## Work to complete
Your task is to restate word for word the lines in the material below, from the one with "Math Handouts: Double" up to and including the one with "Ralph Lauren Men's". Do not carry over the pictures.

*** Opening of Given data ***

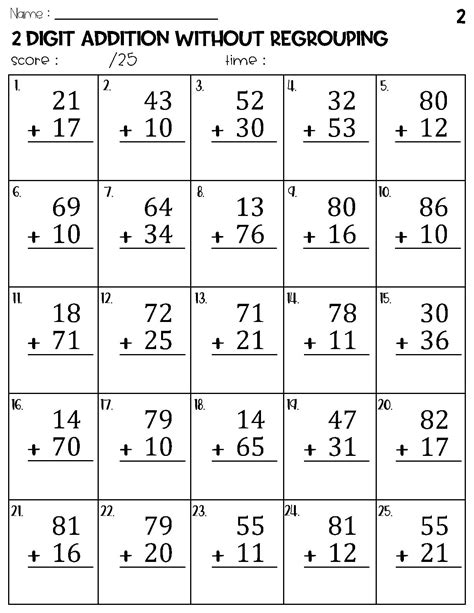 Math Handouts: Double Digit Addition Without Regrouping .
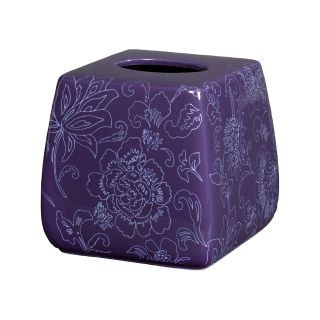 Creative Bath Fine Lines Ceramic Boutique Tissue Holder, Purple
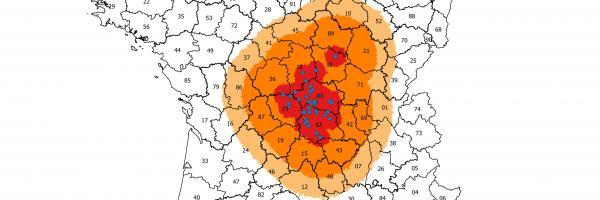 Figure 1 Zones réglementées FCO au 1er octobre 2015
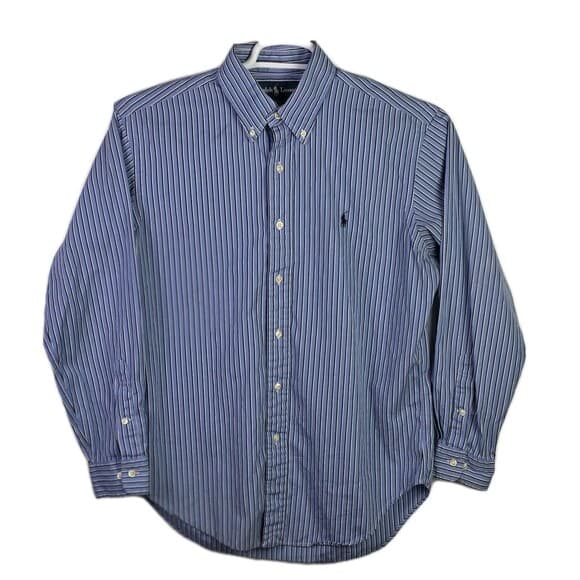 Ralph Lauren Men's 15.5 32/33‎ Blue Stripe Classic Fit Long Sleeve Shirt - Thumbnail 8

*** Close of Given data ***
*** Opening of Given data ***

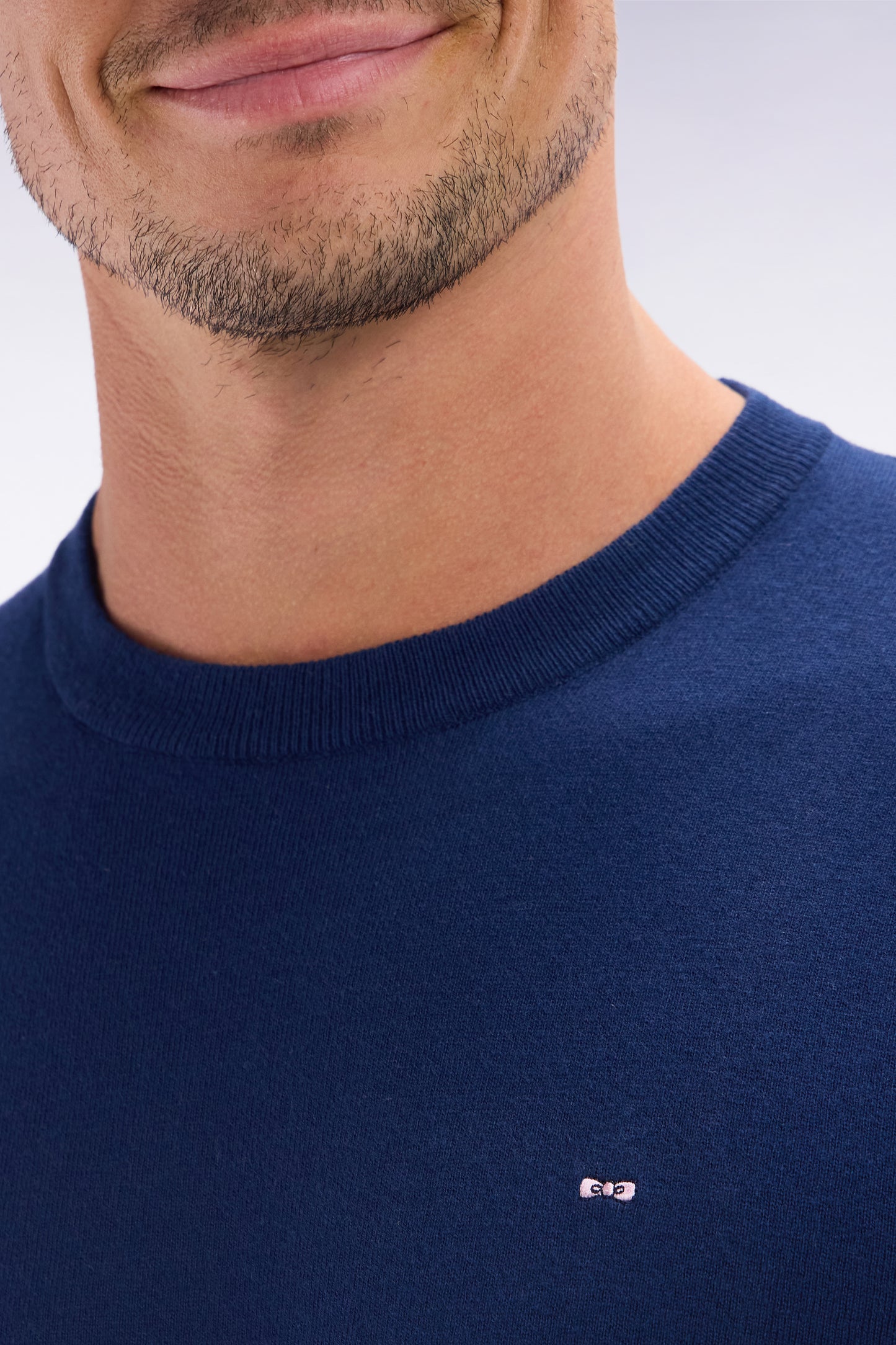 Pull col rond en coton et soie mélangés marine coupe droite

*** Close of Given data ***

## Exercise answer
 Math Handouts: Double Digit Addition Without Regrouping .
 Creative Bath Fine Lines Ceramic Boutique Tissue Holder, Purple
 Figure 1 Zones réglementées FCO au 1er octobre 2015
 Ralph Lauren Men's 15.5 32/33‎ Blue Stripe Classic Fit Long Sleeve Shirt - Thumbnail 8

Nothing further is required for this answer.